Exercise has nothing to do with weight. Weight is about food. Exercise is for fun, health, strength, speed, endurance, flexibility, sanity, and general awesomeness. It's not about calorie-burning because it doesn't burn enough of them to make much difference. Think about how hard you have to exercise and for how long to burn 700 calories. Then think about how easy it is to eat 700 calories. You can do it in a few seconds and 4 bites. Food is what matters. Eat with awareness and according to appetite and you can lose weight (or maintain your weight) with zero exercise, as many of us have learned when we break something and can't train for weeks. Separating exercise from weight loss was one of the most freeing breakthroughs I made on this journey.
I used to worry that if I didn't exercise, I wouldn't be able to eat as much, and that would be unbearably sad. The truth is that appetite changes along with activity level, so you can always eat to complete satisfaction. You imagine that if you eat any less, you'll feel deprived. What most of us can't imagine is being legitimately less hungry, being totally satisfied, or even too full on less food, especially if we're chronic overexercises. It's never happened, so we don't think it's true or possible, not for us. We're broken. Or, maybe we stop exercising for a day or a week and are still ravenous. We allow this to confirm our fears and go right back to hard exercise, never giving it long enough for appetite to settle down. If you've been training hard on too little food for awhile (years for most of us), it's not going to sort itself out immediately, but in a couple weeks of little or no exercise, you'll be a different person. There will be a casualness around food that's hard to imagine. I went most of my life cleaning my plate, licking the container, watching the clock until I could eat again, really just feeling greedy and obsessed because I was so hungry. Now that I'm eating adequately and properly recovering from my workouts, I'm casual, I share, I'm easily satisfied, and not thinking about food at all the vast majority of the time.
Another amazing observation is that my energy expenditure and food intake with and without exercise is very similar. If you've been exercising since the dawn of time, especially with cardio, it's no longer the calorie-torching extravaganza you imagine. Our bodies become super efficient at whatever we subject them to regularly. I remember a conversation I had with Alwyn Cosgrove about the futility of cardio for fat loss, specifically running and fat gain. He mentioned a study where people who added an hour of aerobic activity per day, six days per week for 52 weeks lost barely 3 pounds, and another one where men who logged the same weekly running mileage, even at over 40 miles per week, gained weight.
I think the adaptation to the activity (ie the metabolism slows down) occurs at an extremely fast rate.
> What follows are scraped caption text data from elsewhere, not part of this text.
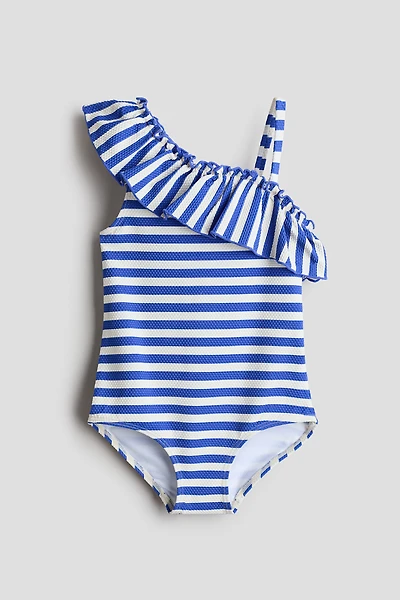 Flounced One-Shoulder Swimsuit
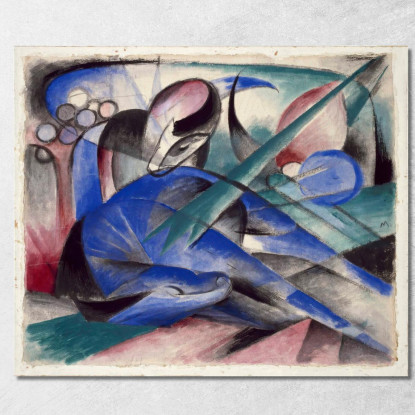 Cavallo Sognante Franz Marc fmr16 quadro stampato su tela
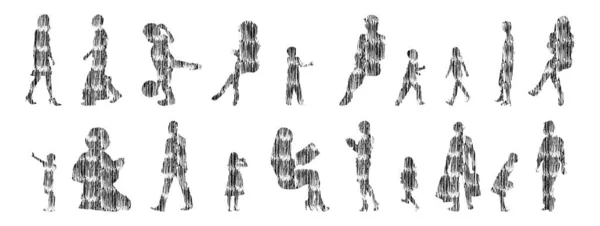 Silhouettes Vectorielles Silhouettes Esquissées Personnes Dessin Contour Silhouette Personnes Icône — Image vectorielle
So
1) they lower metabolism quicker than they burn calories
2) the activity does nothing to maintain lean mass - in all actuality - it likely reduces lean mass (and lowers metabolism further) and
3) The adaptation to running - means that they don't burn as many calories doing it as they originally did.
My other more esoteric idea is the homeostasis one. When you weight train - you break down muscle -- and the body adapts by growing more muscle. When you undereat - your body adapts by lowering metabolism in the short term. When you overeat - your body speeds up metabolism for a short time When you drink too much water - you pee more - when you don't drink enough - you retain. The body adapts to any stimulus by doing the reverse.
So when you do an aerobic activity (that burns fat) maybe your body adapts by storing fat?
This was many years ago, but it squashed my cardio queen dreams. LOL Personal experience tells me there's something to it. Excessive cardio makes me hungry and tired. Hungry and tired people eat more and burn less. Ouch. Never mind.